B.N. : Quand j’entends « littérature congolaise », je pense à ce qui s’écrit depuis les deux rives du fleuve Congo, en y incluant, bien entendu, la création diasporique. C’est ma fibre panafricaniste. C’est une littérature d’une grande richesse, d’une grande variété, en plein essor. Si des noms comme Alain Mabanckou, In Koli Jean Bofane ou Fiston Mwanza Mujila tiennent aujourd’hui le haut de l’affiche au sein de l’espace francophone, le spectre est très large et continue de s’étirer. Il inclut des poètes, des dramaturges, des romanciers, souvent jeunes, dont certains n’hésitent pas à sortir des sentiers battus pour écrire dans nos langues nationales. Je pense ici, par exemple, au travail d’un Richard Ali à Kinshasa, que je suis avec admiration. Je n’ai pas une connaissance académique de cette littérature, mais je perçois dans sa vitalité des dernières années et dans la jeunesse de ses sémillants auteurs, hommes et femmes, deux de ses forces majeures. À mes yeux, le faible nombre des maisons d’édition offrant un travail qui puisse rivaliser avec ce qui se fait de mieux sur le continent, est une faiblesse de taille. Le bassin réduit du lectorat local en est une autre, car le Congolais moyen se trouve moult excuses pour ne pas aller vers le livre. Je le dis après avoir été impressionné par la passion des Haïtiens pour la lecture, dans un pays où les gens ne sont pas particulièrement riches. Une littérature ne peut être grande sur son territoire naturel sans un lectorat qui la porte, la critique, la revendique. Il y a un chantier immense de ce côté-là.

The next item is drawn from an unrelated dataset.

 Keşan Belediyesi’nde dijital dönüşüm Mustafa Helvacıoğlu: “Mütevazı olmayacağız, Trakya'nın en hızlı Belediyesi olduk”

L.C.K.: Savez-vous si vos livres sont lus dans votre pays d’origine ? Avez-vous un public cible en tête lorsque vous écrivez ?

B.N. : Mes livres sont lus en RDC, mais à une échelle qui ne me satisfait pas encore. Cela est lié à des questions de distribution qui devraient être réglées à l’avenir. Je n’ai pas de public cible lorsque j’écris. Je me lance en caressant l’espoir d’être lu par tout esprit curieux, où qu’il se trouve, dans n’importe quelle langue, pas nécessairement celle dans laquelle j’accouche du texte original. C’est, d’ailleurs, le propre du livre que de trouver son public, qui est moins prédictible qu’on pourrait le croire.

L.C.K. : Quels sont vos projets littéraires ?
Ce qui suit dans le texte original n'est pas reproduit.